See the endnote for more background on this issue. (1)
Don’t allow gifts to elected officials and public employees
State ethics law prohibits elected officials and government employees from accepting gifts for the performance of their duties. They also cannot receive gifts from those they regulate or those seeking a contract with their agency. A prohibited gift is a "thing of economic value" such as money or any other thing having economic value, except promotional items having no substantial resale value. There are exceptions, such as flowers for funerals and for limited food and drink. Overall, this law has tended to encourage a positive culture in which gifts for favors are seen as an inappropriate currency in government operations.
A bill has been filed this session, with the support of the Board of Ethics, to allow gifts to elected officials and public employees up to $25, and up to an aggregate value of $75 for all gifts from any one person in a calendar year. PAR questions the real wisdom of this proposal and sees in it a fundamental reversal from an established ethic of not allowing gifts to a new ethic of endorsing the practice of giving gifts to politicians and government employees. The change would contribute to a new culture in which gift-giving to government employees and elected officials becomes a standard expectation.
If the purpose of the legislation is to allow students or library patrons to engage in specific customary and de minimis acts of appreciation, such as dropping off an apple for a teacher or a plate of cookies to the local library during the holidays, then the legislation should be more limited and targeted toward that purpose.

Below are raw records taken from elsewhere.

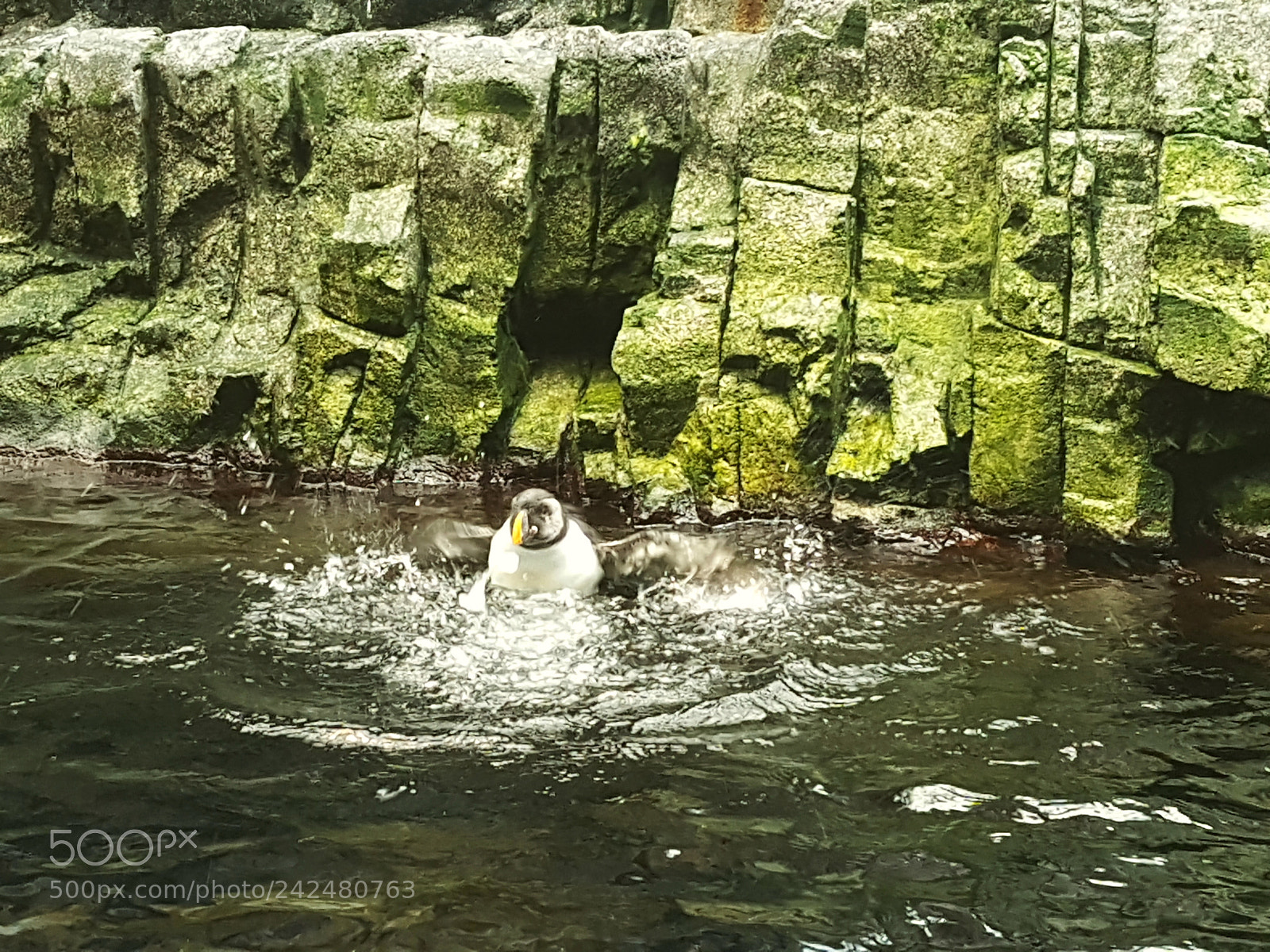 Samsung Galaxy S7 Edge sample photo. Bird photography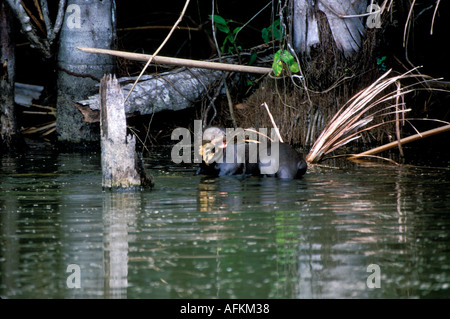 MO gigante3-125 Lontra di fiume alimentazione vicino a Palmi Foto Stock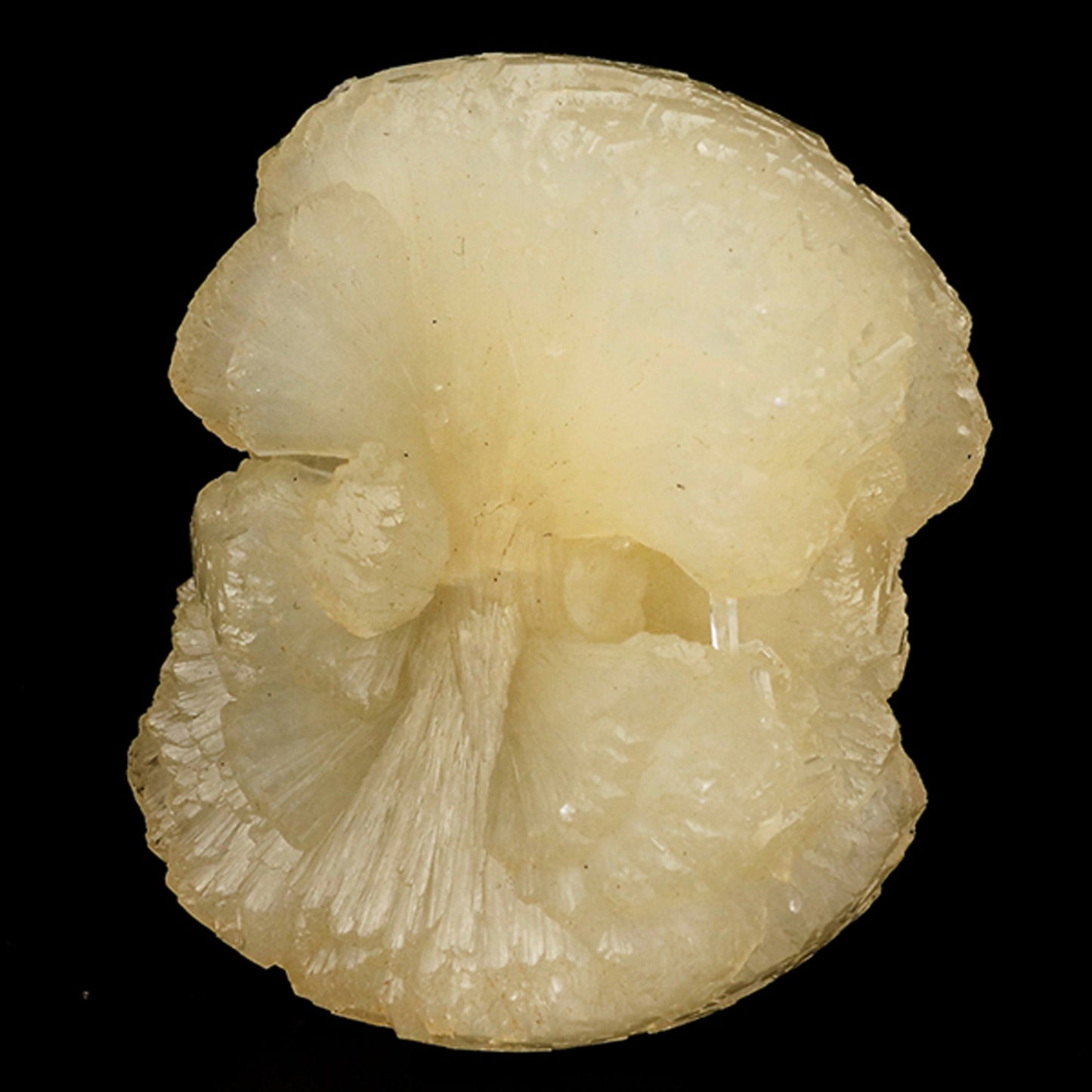 Stellerite Bow Natural Mineral Specimen # B 5957 Stellarite Superb Minerals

Here are some reasons to think twice about creating a $25 gift privilege. The American retail market is an amazing place; you can buy a lot of cool and desirable stuff for $25, as many consumer columnists will attest. Also, there will be a strong temptation to increase the arbitrary $25 and $75 thresholds, or to index them for annual inflation. Some ethics board members might argue the current law creates awkward decisions for them over petty gifts, but the proposed change will likely deliver complicated or confusing situations. What is the true value of a piece of merchandise or a service? Is the value the same as the price, and what about things that are “discounted” or a special offer? Will this require the Board of Ethics to find receipts and examine bank and credit card statements to pursue enforcement?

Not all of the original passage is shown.